The information to which this gatepost gives access (the “Materials”) is intended exclusively for persons who are residents of the United Kingdom, Ireland, Jersey, Guernsey or the Isle of Man, are not residents of the United States and who are not physically located in the United States. Materials do not constitute an offer of securities for sale or a solicitation of an offer to purchase securities in the United States or in any jurisdiction in which such an offer or solicitation would be unlawful and nothing contained herein shall form the basis of any contract or commitment whatsoever. The Materials (other than the Prospectus dated 24 June 2013 (the “Prospectus”)), have not been approved by the UK Financial Conduct Authority and neither the Materials nor the Prospectus have been approved by the regulatory authorities in Ireland, Guernsey, Jersey or the Isle of Man.
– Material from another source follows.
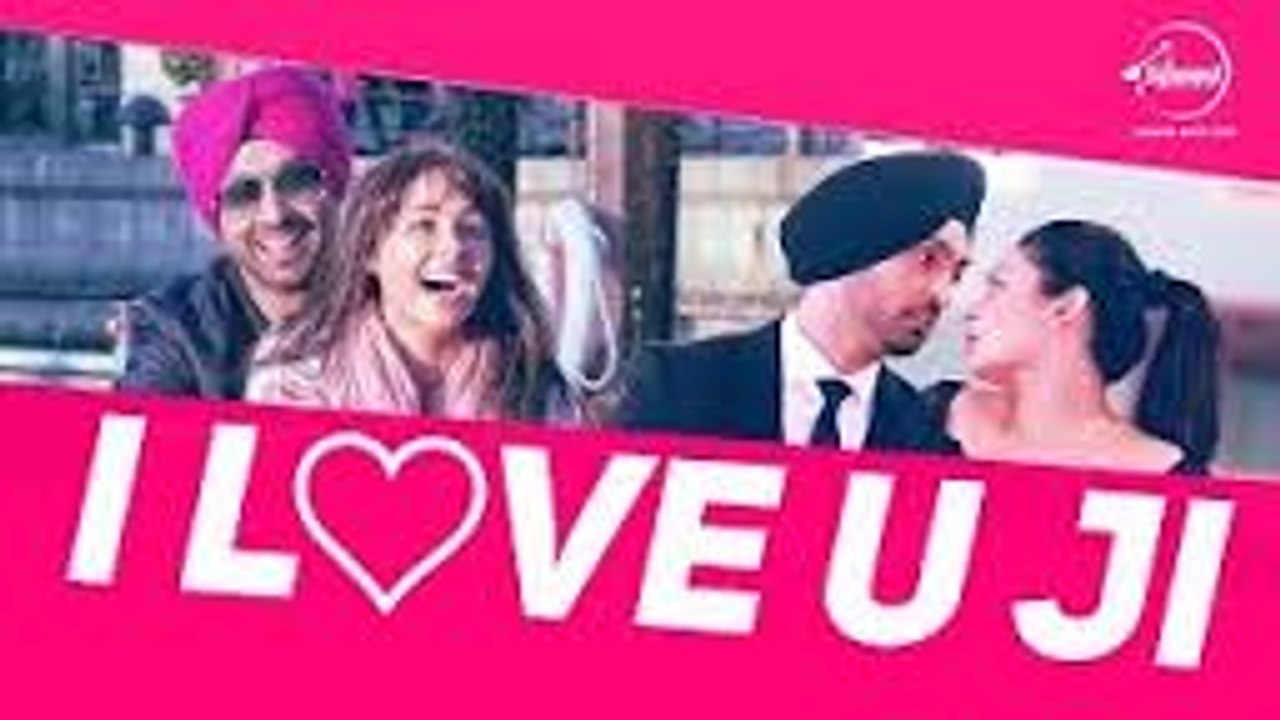 I Love U Ji | Sardaarji | Diljit Dosanjh | Neeru Bajwa | Mandy Takhar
The securities referred to herein and on the pages that follow have not been and will not be registered under the US Securities Act of 1933, as amended, (the “Securities Act”), or with any securities regulatory authority of any State or other jurisdiction of the United States, and may not be offered, sold, resold, pledged, delivered, distributed or transferred, directly or indirectly, into or within the United States or to or for the account or benefit of U.S. Persons (as defined in Regulation S of the Securities Act) except pursuant to an exemption from, or in a transaction not subject to, the registration requirements of the Securities Act and in compliance with any applicable securities laws of any State or other jurisdiction of the United States. The securities referred to herein are being offered and sold outside the United States in offshore transactions, as defined in, and in reliance on, Regulation S under the Securities Act.
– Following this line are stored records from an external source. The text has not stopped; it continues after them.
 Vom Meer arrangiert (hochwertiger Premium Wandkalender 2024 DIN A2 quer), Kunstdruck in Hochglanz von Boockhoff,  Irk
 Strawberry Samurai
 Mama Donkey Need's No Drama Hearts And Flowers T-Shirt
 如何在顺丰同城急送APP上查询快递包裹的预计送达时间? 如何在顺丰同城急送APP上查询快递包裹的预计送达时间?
There will be no public offer of the securities referred to herein and on the pages that follow in the United States, Australia, Canada, Japan, South Africa or any other jurisdiction where it is unlawful to offer the securities. The securities referred to herein and on the pages that follow may not be offered, sold, resold, pledged, delivered, distributed or transferred, directly or indirectly, in Australia, Canada, Japan, South Africa or any other jurisdiction where it is unlawful to do so or to any resident or citizen of Australia, Canada, Japan, South Africa or any other jurisdiction where it is unlawful to do so.
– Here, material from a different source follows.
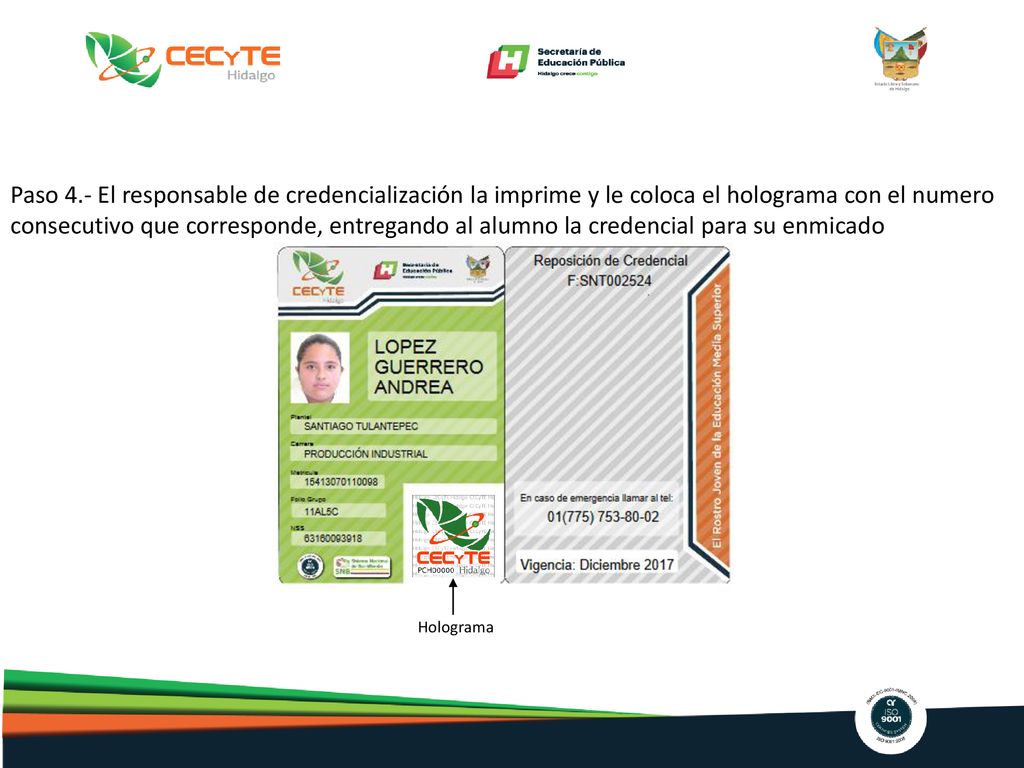 Paso 4.- El responsable de credencialización la imprime y le coloca el holograma con el numero consecutivo que corresponde, entregando al alumno la credencial para su enmicado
The offer and sale of the securities referred to herein and on the pages that follow have not been and will not be registered under the applicable securities laws of Australia, Canada, Japan or South Africa. Potential users of this information are requested to inform themselves about and to observe any such restrictions. The securities may only be offered in Jersey in compliance with the provisions of the Control of Borrowing (Jersey) Order 1958 and in accordance with all other applicable regulatory requirements. The securities may only be promoted in or from within Guernsey in compliance with the provisions of the Protection of Investors (Bailiwick of Guernsey) Law, 1987 and in accordance with all other applicable regulatory requirements.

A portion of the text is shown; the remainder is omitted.